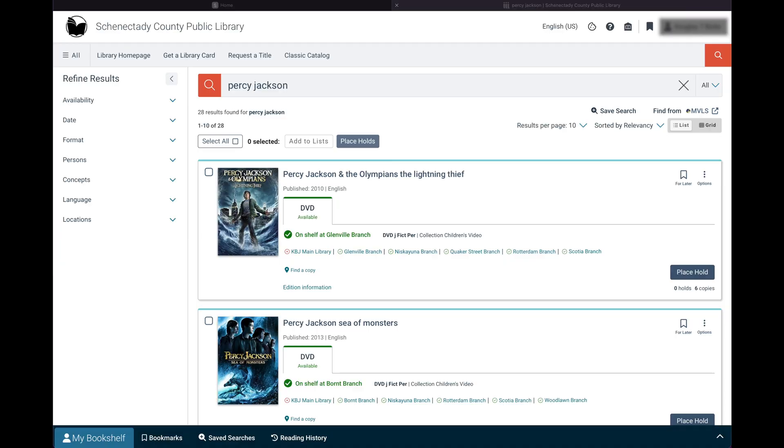If you would like to make another search, you may choose the back arrow in the browser or select the search icon in the top right corner of your screen and enter a new author or title.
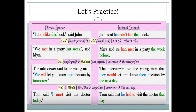Let's practice. First example: 'I don't like this book, said John' becomes 'John said he didn't like that book.' Notice three changes: 'I' becomes 'he,' 'don't like' becomes 'didn't like,' and 'this' becomes 'that' — present simple changes to past simple. Second example: 'We met in a party last week, said Myra' becomes 'Myra said we had met in a party the week before' — 'met' becomes 'had met' and 'last week' becomes 'the week before.' Third example: 'The interviewer said to the young man, we will let you know our decision by tomorrow' becomes 'The interviewer told the young man that they would let him know their decision by the next day.'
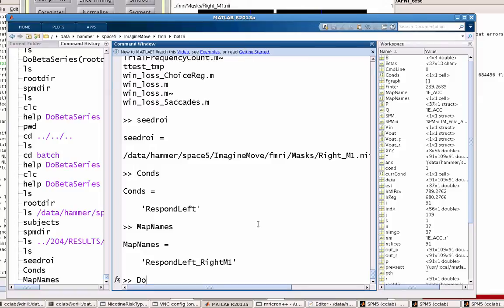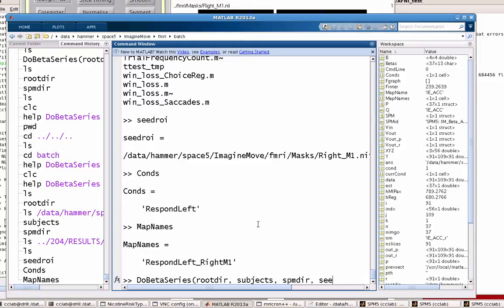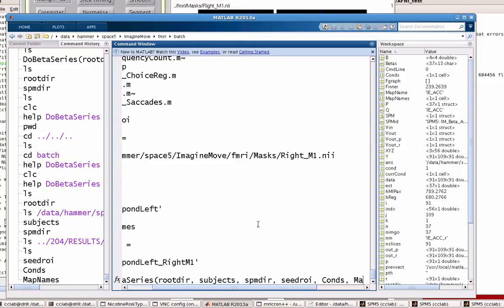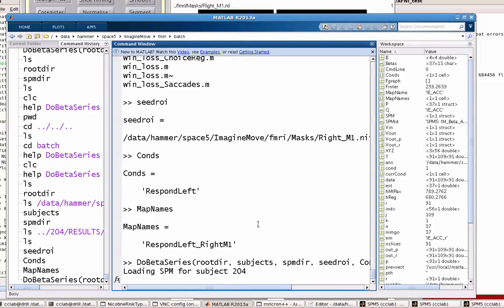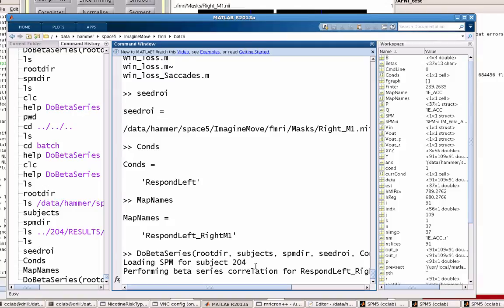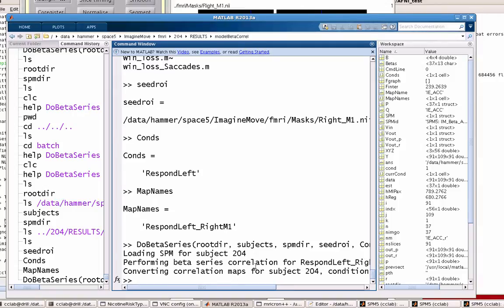Okay, so let's go ahead and run this. Let's just do do_betaseries. And I have these on variables. You could type this all out if you wanted to, but this just makes it a lot quicker. So rootdir, subjects, spmdir. And then we also have our seedROI, cons, and map names. So I'm going to go ahead and run that. It goes into that directory, loads the SPM, and performs a beta series. So it basically goes through every individual slice and correlates that beta series with every other beta series in every other voxel. Great. So we have this.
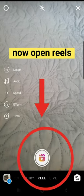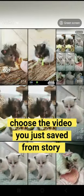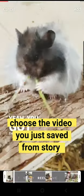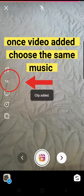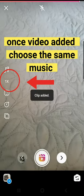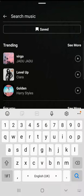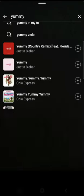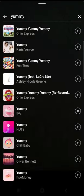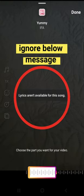Once it's done, open your Reels and choose that video you've just saved. Then choose the music — the exact same music you've used on your stories — by typing the name, and confirm once you're happy with it.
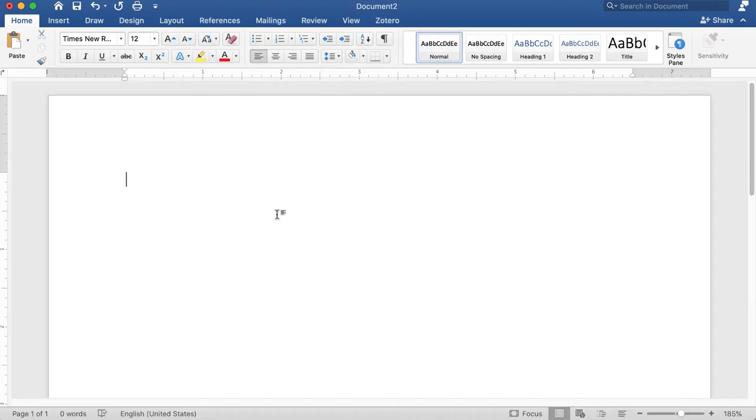Now I want to use Zotero within Microsoft Word to cite while I write, and it's very easy. I type my paper as I normally would, so here's a sentence I could use.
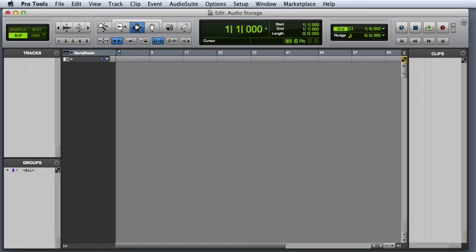In this video we're going to look at audio storage requirements. Before you begin a recording session, you should always make sure that your system has enough available storage space for the project.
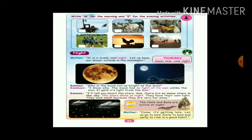Now let us talk about the stars. There are so many stars in the sky. The stars shine at night. We can see the moon. Stars have their own light. They look small because they are very far away — that is why they look so small.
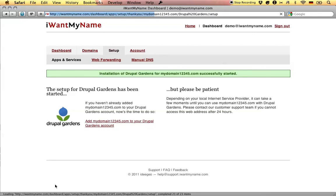Now that's it. You've just added Drupal Gardens to your domain name at I Want My Name.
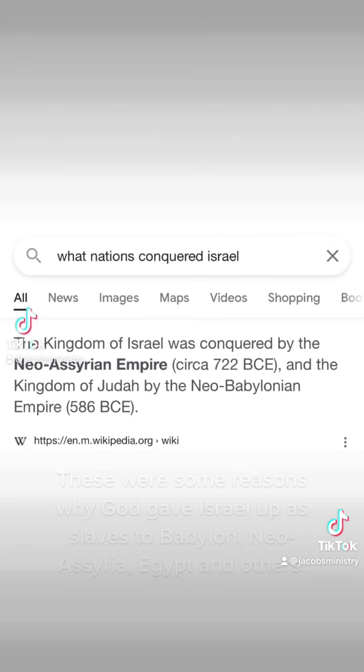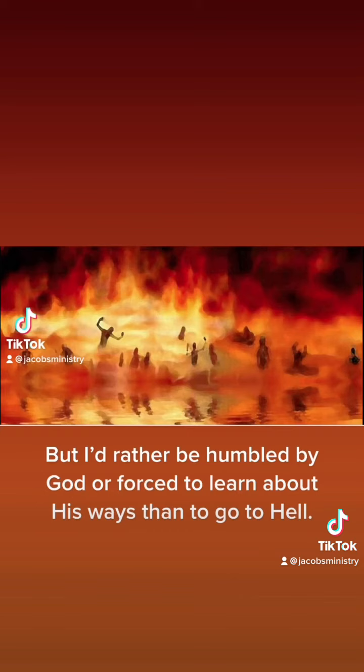These were some reasons why God gave Israel up as slaves to Babylon, Neo-Assyria, Egypt, and others. But I'd rather be humbled by God or forced to learn about his ways than to go to hell.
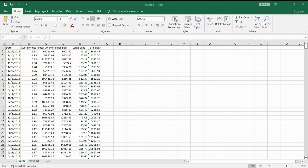We have a sales dataset over here, an avocado sales dataset, and the first step is to highlight all the columns that you want.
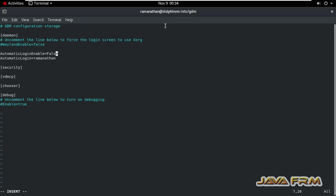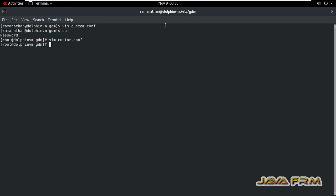So here you can see automatic login enable equals false for the user called Ramanathan. Make it true, that's it, save the file. Now reboot. That's it.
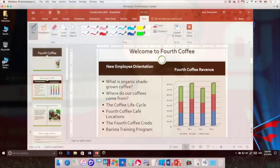Hi, I'm Kurt from Parallels, and let me show you a new capability in Parallels Desktop 12. We're bringing Microsoft Ink to the Mac.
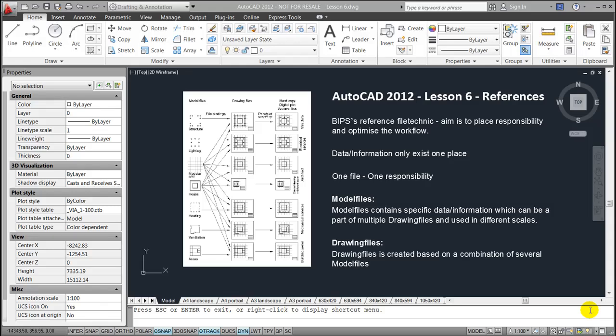Hello and welcome to the sixth lesson dealing with references in AutoCAD 2012. In order to explain how references work, I'll use the reference file technique developed by the Danish Union BIPs. This technique aims to split place the responsibility of information and data within the drawing as well as optimize the workflow in smaller and larger projects.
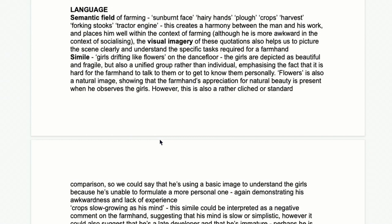So lots of attitudes coming out there — hopefully you find it interesting! Now we'll go into the more practical side of language. Firstly, there's a semantic field of farming: loads of words to do with farming creating an atmosphere, grounding the farmhand in his location.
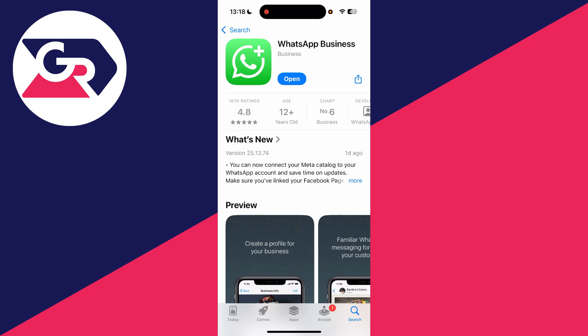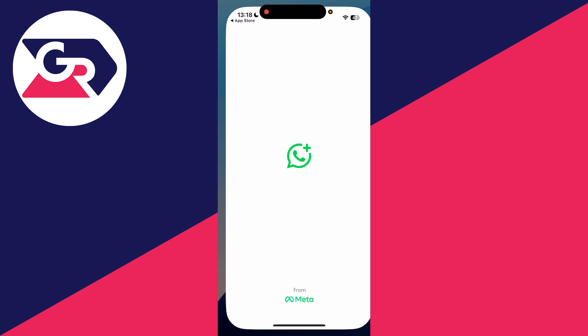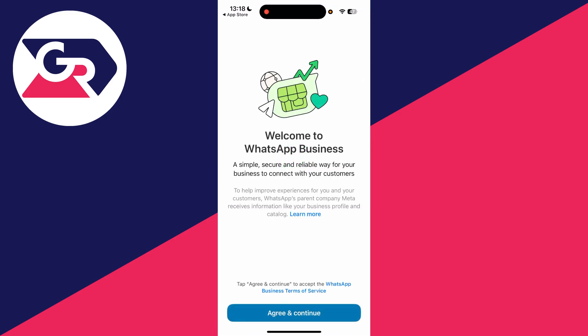To get started, go and download it and open it up. It doesn't matter if you already have a normal WhatsApp account — you can still set it up with the same number and transfer it. Or if you haven't had WhatsApp before, that's fine as well.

» **Work instructions**: In the copy, include no pictures; transcribe every record above verbatim.

» **Solution to this exercise**:
If you would like to make another search, you may choose the back arrow in the browser or select the search icon in the top right corner of your screen and enter a new author or title.
Let's practice. First example: 'I don't like this book, said John' becomes 'John said he didn't like that book.' Notice three changes: 'I' becomes 'he,' 'don't like' becomes 'didn't like,' and 'this' becomes 'that' — present simple changes to past simple. Second example: 'We met in a party last week, said Myra' becomes 'Myra said we had met in a party the week before' — 'met' becomes 'had met' and 'last week' becomes 'the week before.' Third example: 'The interviewer said to the young man, we will let you know our decision by tomorrow' becomes 'The interviewer told the young man that they would let him know their decision by the next day.'
Okay, so let's go ahead and run this. Let's just do do_betaseries. And I have these on variables. You could type this all out if you wanted to, but this just makes it a lot quicker. So rootdir, subjects, spmdir. And then we also have our seedROI, cons, and map names. So I'm going to go ahead and run that. It goes into that directory, loads the SPM, and performs a beta series. So it basically goes through every individual slice and correlates that beta series with every other beta series in every other voxel. Great. So we have this.
Once it's done, open your Reels and choose that video you've just saved. Then choose the music — the exact same music you've used on your stories — by typing the name, and confirm once you're happy with it.
Now I want to use Zotero within Microsoft Word to cite while I write, and it's very easy. I type my paper as I normally would, so here's a sentence I could use.
In this video we're going to look at audio storage requirements. Before you begin a recording session, you should always make sure that your system has enough available storage space for the project.
Now let us talk about the stars. There are so many stars in the sky. The stars shine at night. We can see the moon. Stars have their own light. They look small because they are very far away — that is why they look so small.
Now that's it. You've just added Drupal Gardens to your domain name at I Want My Name.
These were some reasons why God gave Israel up as slaves to Babylon, Neo-Assyria, Egypt, and others. But I'd rather be humbled by God or forced to learn about his ways than to go to hell.
We have a sales dataset over here, an avocado sales dataset, and the first step is to highlight all the columns that you want.
So here you can see automatic login enable equals false for the user called Ramanathan. Make it true, that's it, save the file. Now reboot. That's it.
Hi, I'm Kurt from Parallels, and let me show you a new capability in Parallels Desktop 12. We're bringing Microsoft Ink to the Mac.
Hello and welcome to the sixth lesson dealing with references in AutoCAD 2012. In order to explain how references work, I'll use the reference file technique developed by the Danish Union BIPs. This technique aims to split place the responsibility of information and data within the drawing as well as optimize the workflow in smaller and larger projects.
So lots of attitudes coming out there — hopefully you find it interesting! Now we'll go into the more practical side of language. Firstly, there's a semantic field of farming: loads of words to do with farming creating an atmosphere, grounding the farmhand in his location.
To get started, go and download it and open it up. It doesn't matter if you already have a normal WhatsApp account — you can still set it up with the same number and transfer it. Or if you haven't had WhatsApp before, that's fine as well.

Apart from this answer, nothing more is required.